Exercise description: Exactly as written, reproduce the lines from the beginning of the data through the line containing "Dunstable Chronicle, and"; the pictures are not reproduced.

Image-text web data
————

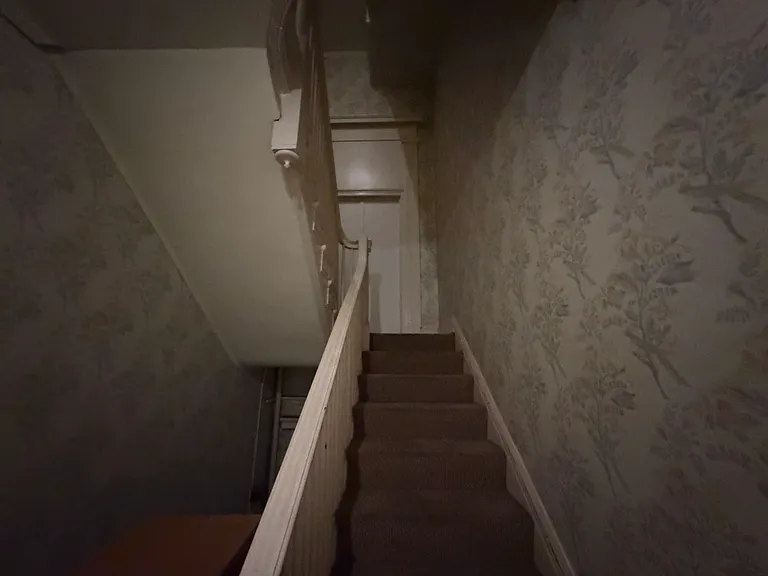 719 Washington Pl #3 — Photo 7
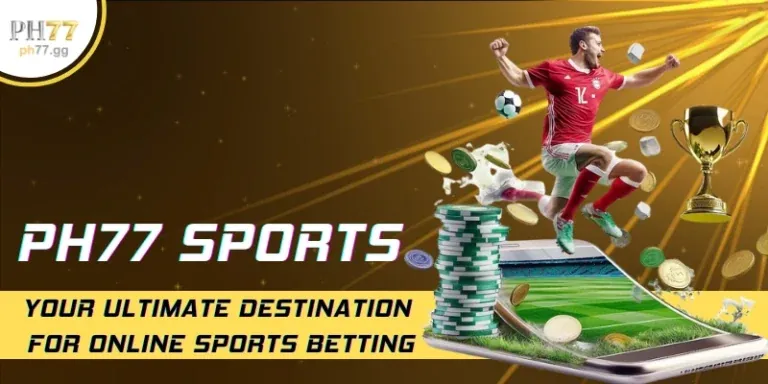 Đa Dạng Các Tựa Game Nổ Hũ tại Good88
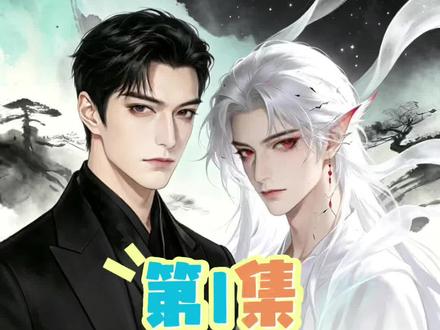 🔥剧情版|灵狐情劫:寻你千世
千年为爱穿越,前世舍命相护,今生误会虐心
从卑微等待到双向奔赴,虐到心碎,甜到救赎😭
#ai影视剧名场面 #创作者中心 #创作灵感 #灵狐情劫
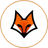 Fox Network aplikacja
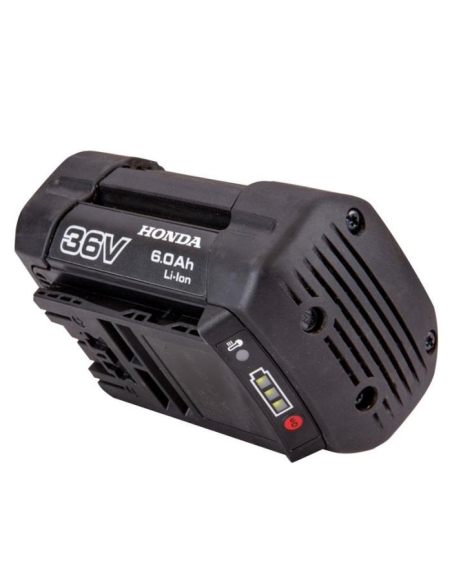 HONDA BATTERY 36V 6 AH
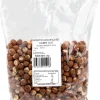 Noisette entière décortiquée 1 kg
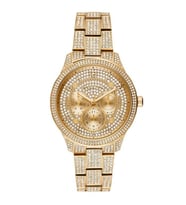 Michael Kors MK6627 Kadın Kol Saati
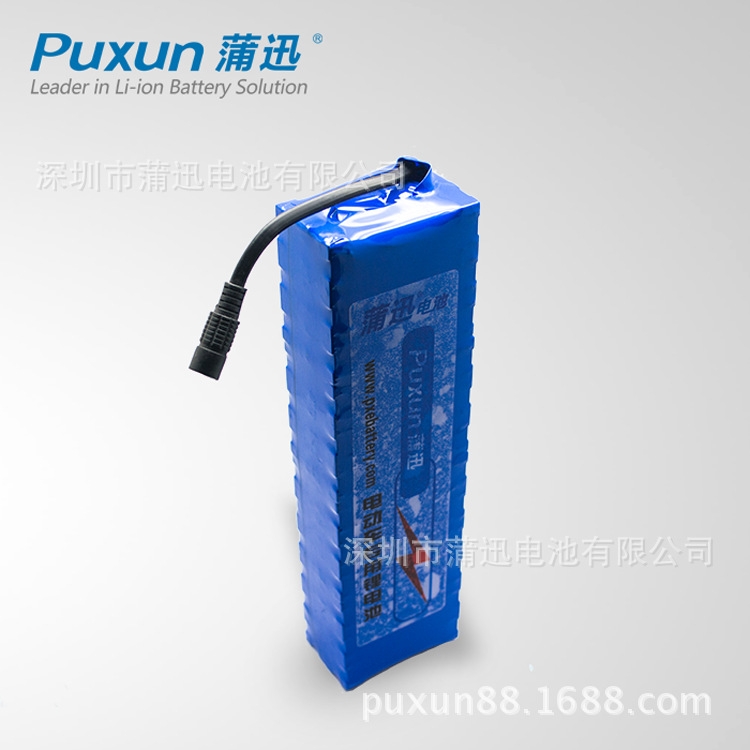 24V�늳�(18650�����늳ؽM)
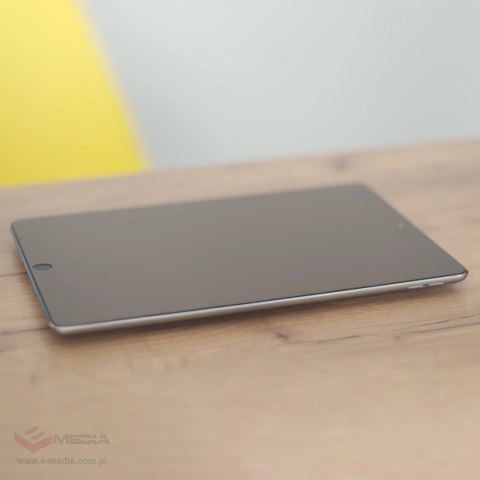 Szkło hartowane Wozinsky Tempered Glass na iPad Air 11" 2024/2025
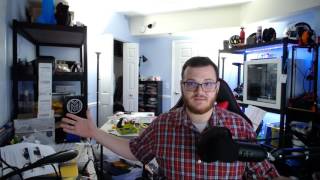 EZABL FAQs, Update, and THANK YOU EVERYONE!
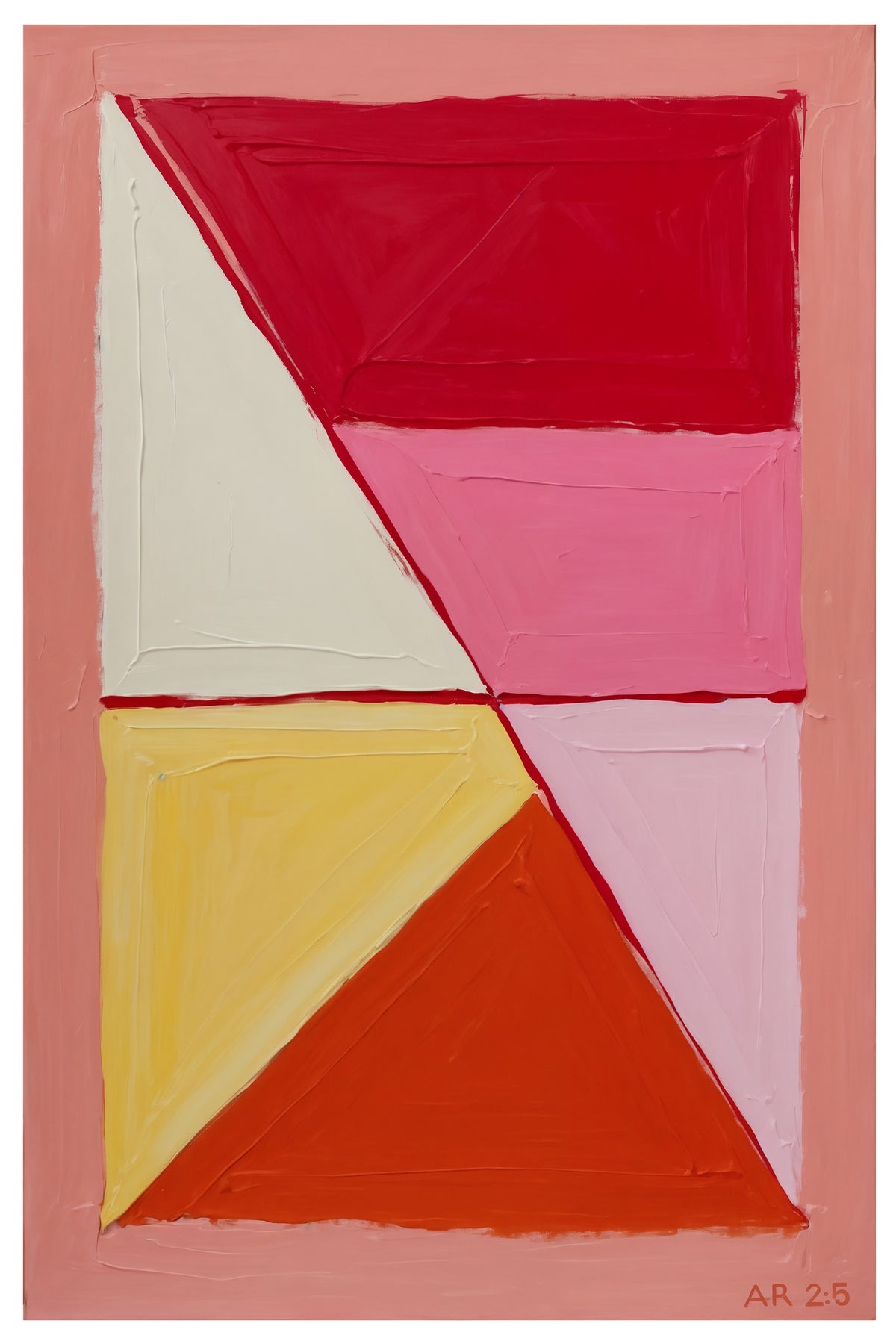 canvas-print-geometric-warmth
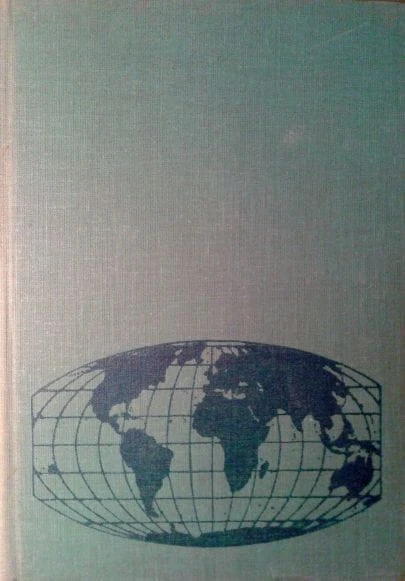 37103029.jpg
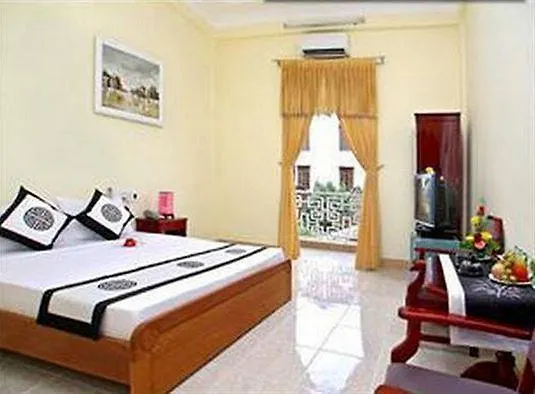 Aurasia Sea Side Hotel Marmaris 3*,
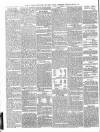 Dunstable Chronicle, and Advertiser for Beds, Bucks & Herts Saturday 14 January 1860 Page 2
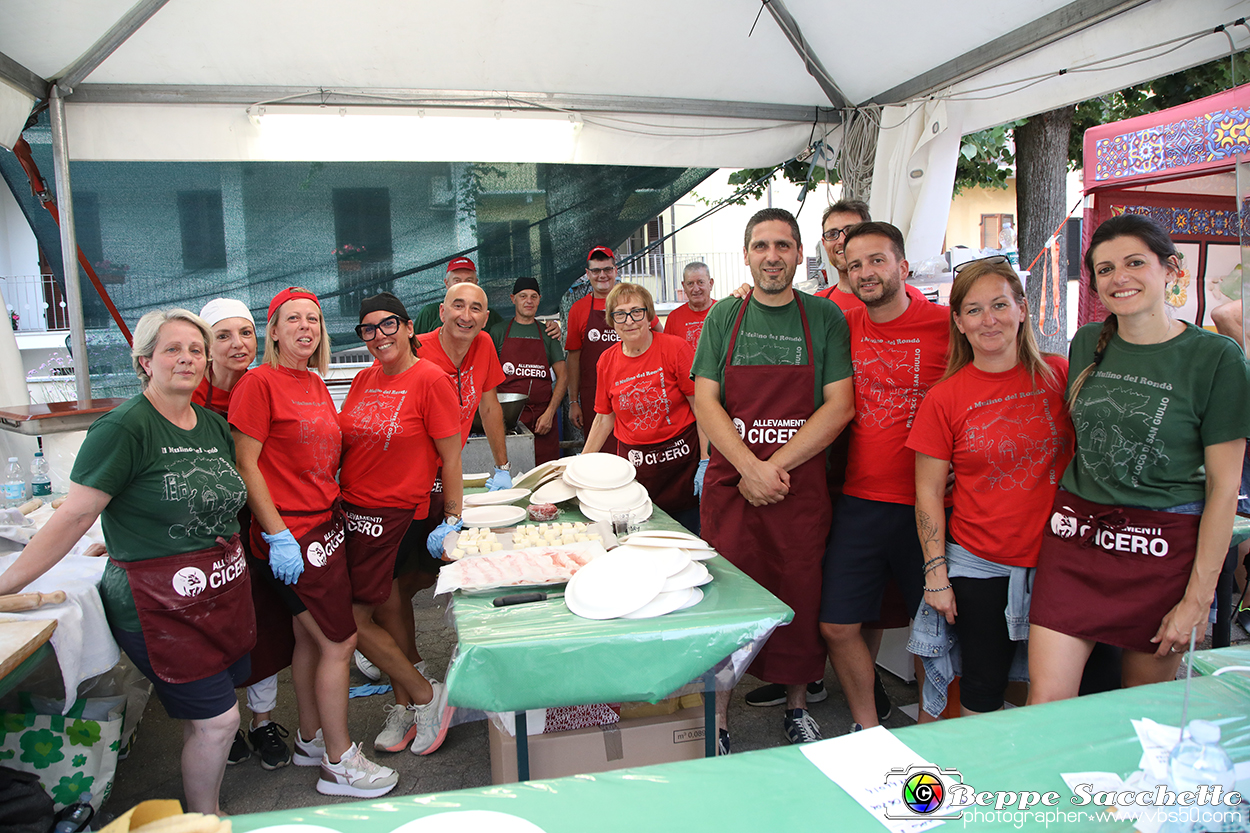 VBS_2635 - La Barbera Incontra 2025 - 12 Giugno 2025 .jpg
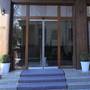 Горящие туры в отель Hayot Plaza Hotel - 2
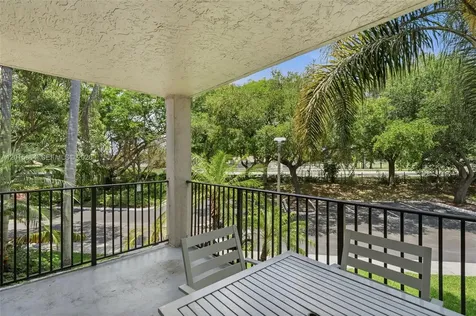 10131 W Sunrise Boulevard Plantation FL 33322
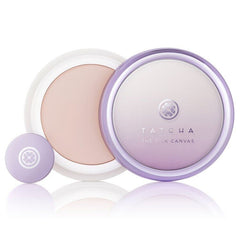 Tatcha - The Silk Canvas 20g - Filter Finish Protective Primer Exp: 2024/09 - CC Outlet HK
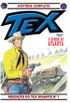 Tex Edio Gigante / Reedio #001
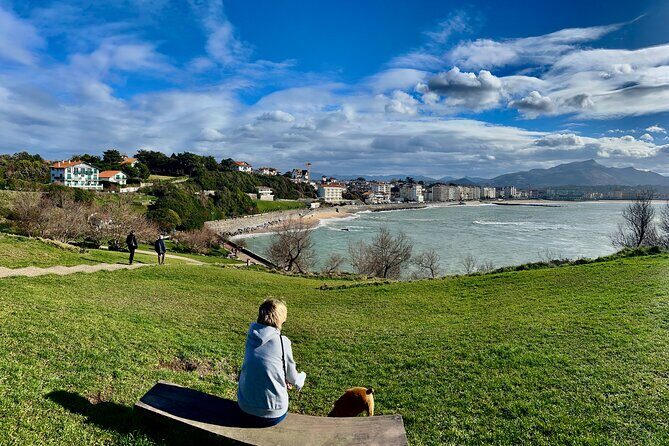 Biarritz: Full day excursion to visit the Basque coast! - What You’ll Love About This Tour
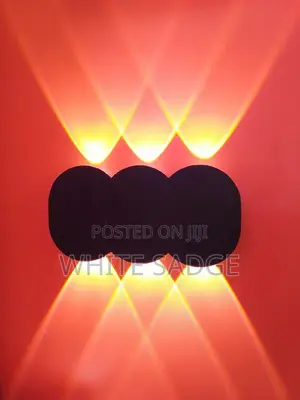 Outdoor Wall Light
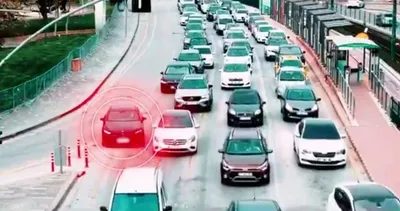 İhlalcilere ceza yağdı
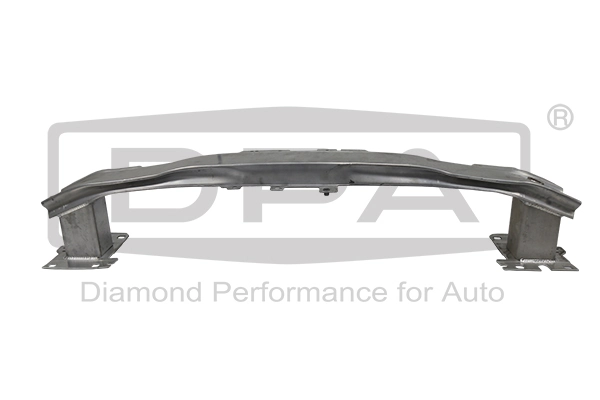 88071811202 Diamond/DPA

————

Reply:
 719 Washington Pl #3 — Photo 7
 Đa Dạng Các Tựa Game Nổ Hũ tại Good88
 🔥剧情版|灵狐情劫:寻你千世
千年为爱穿越,前世舍命相护,今生误会虐心
从卑微等待到双向奔赴,虐到心碎,甜到救赎😭
#ai影视剧名场面 #创作者中心 #创作灵感 #灵狐情劫
 Fox Network aplikacja
 HONDA BATTERY 36V 6 AH
 Noisette entière décortiquée 1 kg
 Michael Kors MK6627 Kadın Kol Saati
 24V�늳�(18650�����늳ؽM)
 Szkło hartowane Wozinsky Tempered Glass na iPad Air 11" 2024/2025
 EZABL FAQs, Update, and THANK YOU EVERYONE!
 canvas-print-geometric-warmth
 37103029.jpg
 Aurasia Sea Side Hotel Marmaris 3*,
 Dunstable Chronicle, and Advertiser for Beds, Bucks & Herts Saturday 14 January 1860 Page 2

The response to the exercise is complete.